Genome-Wide Analysis of Human Disease Alleles Reveals That Their Locations Are Correlated in Paralogous Proteins
Mark Yandell, Barry Moore, Fidel Salas, Chris Mungall, Andrew MacBride, Charles White, Martin G. Reese
PLoS Comput Biol 4(11): e1000218
Abstract: The millions of mutations and polymorphisms that occur in human populations are potential predictors of disease, of our reactions to drugs, of predisposition to microbial infections, and of age-related conditions such as impaired brain and cardiovascular functions. However, predicting the phenotypic consequences and eventual clinical significance of a sequence variant is not an easy task. Computational approaches have found perturbation of conserved amino acids to be a useful criterion for identifying variants likely to have phenotypic consequences. To our knowledge, however, no study to date has explored the potential of variants that occur at homologous positions within paralogous human proteins as a means of identifying polymorphisms with likely phenotypic consequences.

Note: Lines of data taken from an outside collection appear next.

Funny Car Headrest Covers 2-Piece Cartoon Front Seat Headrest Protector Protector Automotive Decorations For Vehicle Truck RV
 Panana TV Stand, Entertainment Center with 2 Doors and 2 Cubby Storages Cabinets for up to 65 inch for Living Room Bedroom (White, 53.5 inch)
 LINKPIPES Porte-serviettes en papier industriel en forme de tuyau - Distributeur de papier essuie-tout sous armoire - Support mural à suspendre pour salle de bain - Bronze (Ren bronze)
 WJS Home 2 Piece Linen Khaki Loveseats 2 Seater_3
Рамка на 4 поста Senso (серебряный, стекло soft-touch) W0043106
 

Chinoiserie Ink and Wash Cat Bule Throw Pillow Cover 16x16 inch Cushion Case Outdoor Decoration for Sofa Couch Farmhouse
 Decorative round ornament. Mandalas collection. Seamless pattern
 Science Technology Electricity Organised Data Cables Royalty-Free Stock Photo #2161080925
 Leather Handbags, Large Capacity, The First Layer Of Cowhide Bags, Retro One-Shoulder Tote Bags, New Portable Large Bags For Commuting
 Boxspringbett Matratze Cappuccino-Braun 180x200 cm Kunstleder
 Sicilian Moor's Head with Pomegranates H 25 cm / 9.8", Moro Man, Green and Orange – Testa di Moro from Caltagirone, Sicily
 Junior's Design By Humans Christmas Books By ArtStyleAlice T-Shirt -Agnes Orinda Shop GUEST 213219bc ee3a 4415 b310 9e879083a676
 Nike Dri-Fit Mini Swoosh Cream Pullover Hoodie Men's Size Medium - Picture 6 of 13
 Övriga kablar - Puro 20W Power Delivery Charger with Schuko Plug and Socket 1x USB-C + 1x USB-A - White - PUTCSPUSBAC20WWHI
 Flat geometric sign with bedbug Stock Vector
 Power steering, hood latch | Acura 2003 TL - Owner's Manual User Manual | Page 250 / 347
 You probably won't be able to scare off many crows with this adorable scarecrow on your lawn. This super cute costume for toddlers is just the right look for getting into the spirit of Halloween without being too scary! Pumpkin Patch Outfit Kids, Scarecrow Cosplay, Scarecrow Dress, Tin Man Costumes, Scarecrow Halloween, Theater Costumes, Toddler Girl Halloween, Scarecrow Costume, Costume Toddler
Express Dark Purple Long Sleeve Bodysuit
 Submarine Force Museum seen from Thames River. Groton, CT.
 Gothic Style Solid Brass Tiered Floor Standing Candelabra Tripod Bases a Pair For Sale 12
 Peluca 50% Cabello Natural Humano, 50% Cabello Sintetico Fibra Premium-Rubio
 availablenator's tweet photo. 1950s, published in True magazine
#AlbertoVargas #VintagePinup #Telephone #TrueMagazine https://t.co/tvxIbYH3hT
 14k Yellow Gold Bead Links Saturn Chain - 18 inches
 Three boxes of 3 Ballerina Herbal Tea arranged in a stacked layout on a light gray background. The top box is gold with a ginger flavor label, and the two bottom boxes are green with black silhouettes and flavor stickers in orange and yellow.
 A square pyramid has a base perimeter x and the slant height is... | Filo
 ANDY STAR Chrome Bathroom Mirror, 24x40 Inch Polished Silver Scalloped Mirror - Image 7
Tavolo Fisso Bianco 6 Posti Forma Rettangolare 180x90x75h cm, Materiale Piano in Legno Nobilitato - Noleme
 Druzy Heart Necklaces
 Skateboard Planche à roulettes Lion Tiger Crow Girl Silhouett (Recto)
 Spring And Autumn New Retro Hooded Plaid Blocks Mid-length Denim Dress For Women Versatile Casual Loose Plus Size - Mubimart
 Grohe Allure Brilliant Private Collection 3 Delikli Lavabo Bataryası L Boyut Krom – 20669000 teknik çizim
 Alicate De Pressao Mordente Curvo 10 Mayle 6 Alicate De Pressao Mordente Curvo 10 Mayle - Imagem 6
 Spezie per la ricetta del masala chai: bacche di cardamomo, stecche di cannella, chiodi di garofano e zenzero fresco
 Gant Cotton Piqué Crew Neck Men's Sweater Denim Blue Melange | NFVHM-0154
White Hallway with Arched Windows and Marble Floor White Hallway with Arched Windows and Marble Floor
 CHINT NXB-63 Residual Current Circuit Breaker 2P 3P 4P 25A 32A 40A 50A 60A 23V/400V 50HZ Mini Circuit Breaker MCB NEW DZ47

In order to investigate the potential of this approach, we have assembled a unique collection of known disease-causing variants from OMIM and the Human Genome Mutation Database (HGMD) and used them to identify and characterize pairs of sequence variants that occur at homologous positions within paralogous human proteins. Our analyses demonstrate that the locations of variants are correlated in paralogous proteins. Moreover, if one member of a variant-pair is disease-causing, its partner is likely to be disease-causing as well. Thus, information about variant-pairs can be used to identify potentially disease-causing variants, extend existing procedures for polymorphism prioritization, and provide a suite of candidates for further diagnostic and therapeutic purposes.